Sa poitrine se serra à nouveau et d'autres triangles rouges se mirent à danser devant les yeux de K. Il fallait qu'il voit un autre panneau. Ce serait une façon de se délivrer. Parce que, quand même, à bien y repenser, ce truc avait quelque chose qui clochait, un détail qu'il n'arrivait pas à cerner.
L'autobus gronda une dernière fois avant de passer le sommet de la côte puis entama une descente qui menaient droit vers des lumières qui clignotaient au fond d'une vallée.
K. poussa un cri qui fit sursauter le gros dans son sommeil. Un panneau s'annonçait, là, sur le bord de la route ! Malgré la pénombre qui gagnait, il le vit s'approcher le coeur battant, étonné de l'excitation qui le gagnait. C'était un triangle ! Le même panneau que tout à l'heure ! K. plissa les yeux et se colla à la vitre, prêt à graver l'image dans sa mémoire. L'autocar ralentit dans un virage et il eut le temps de le distinguer : c'était bien un panneau avertissant du passage d'animaux sauvages. "- Sauf que, marmonna K. en fronçant les sourcils, sauf que... les cornes du chevreuil ne sont pas dans le bon sens. " Ce qu'il avait vu, il en était sûr à présent, c'était une gazelle. Une gazelle ! L'angoisse qui le tenaillait disparut, remplacée aussitôt par une indignation qui le fit bégayer. Une gazelle ! Et pourquoi pas un lion tant qu'on y était ! S'il s'agissait d'une blague, elle était lamentable. Si ce n'était pas le cas, les types de la DDE étaient vraiment de sacrés branleurs ! Une gazelle !
Il sentit que l'autocar ralentissait puis s'immobilisait. La nuit était tombée. Il avait du s'endormir. Le gros se leva et prit son sac. K. fit de même et se glissa dans le courant des voyageurs qui descendaient. Il posa le pied sur un sol inégal au moment où une bouffée de chaleur l'assaillait. Il eut un vertige et dut s'appuyer contre l'autocar pour ne pas vaciller. Après quelques secondes, il ouvrit les yeux et regarda autour de lui. Les voyageurs, accompagnés de ceux qui étaient venu les chercher, s'égaillaient déjà dans les rues mal éclairées qui entouraient la gare routière où il se trouvait. L'angoisse le saisit à nouveau, forte, glacée, labourant chacune de ses veines. Il n'avait aucune idée de l'endroit où il se trouvait. Il se dirigea vers un panneau que surmontait un lampadaire et déchiffra les grosses lettres qui le barrait dans toute sa longueur : Tambécounda. Ce nom résonna d'abord en lui à la manière de sons étrangers et hostiles et puis, tout explosa, tout ce qu'il n'avait pas voulu voir et entendre bouscula les portes de sa mémoire pour jaillir dans le présent. Il revit son départ précipité à l'aube, les affaires qu'il avait du rapidement emballer, les cris d'Arlette et de sa fille. Il se mit à trembler et fouilla dans la poche de sa veste de tweed pour en sortir une feuille pliée en trois. Il se força à lire ces mots qui dansaient de façon obscène dans le silence de cette place poussiéreuse et déserte : Notification de l'arrêté de reconduite à la frontière .

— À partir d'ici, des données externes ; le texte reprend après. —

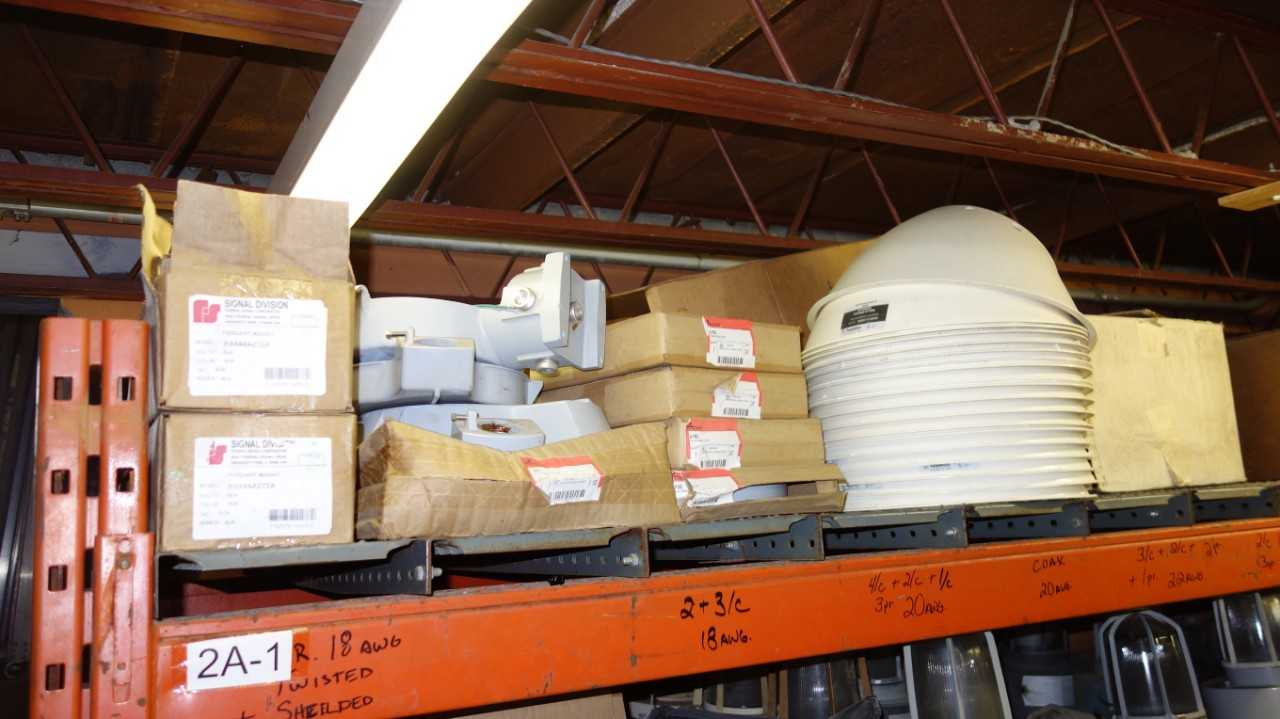 LOT OF ASSORTED EMERGENCY LIGHT FIXTURES AND REPLACEMENT PARTS - LIGHTING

Il s'assit sous le panneau et contempla la bouteille à la lumière du lampadaire : il lui restait un peu d'eau. Par contre, il crevait de chaud avec sa veste en laine. Il déplia à nouveau la notification, au bas de la feuille, une main pressée avait griffonné un nom : Justine Khéza. Ce devait être la cousine de son père, le seul lien qu'il conservait avec ce pays qu'il avait quitté bébé. Il était seul, à présent, lui l'enfant de Toulouse, dans l'exotique pays des gazelles.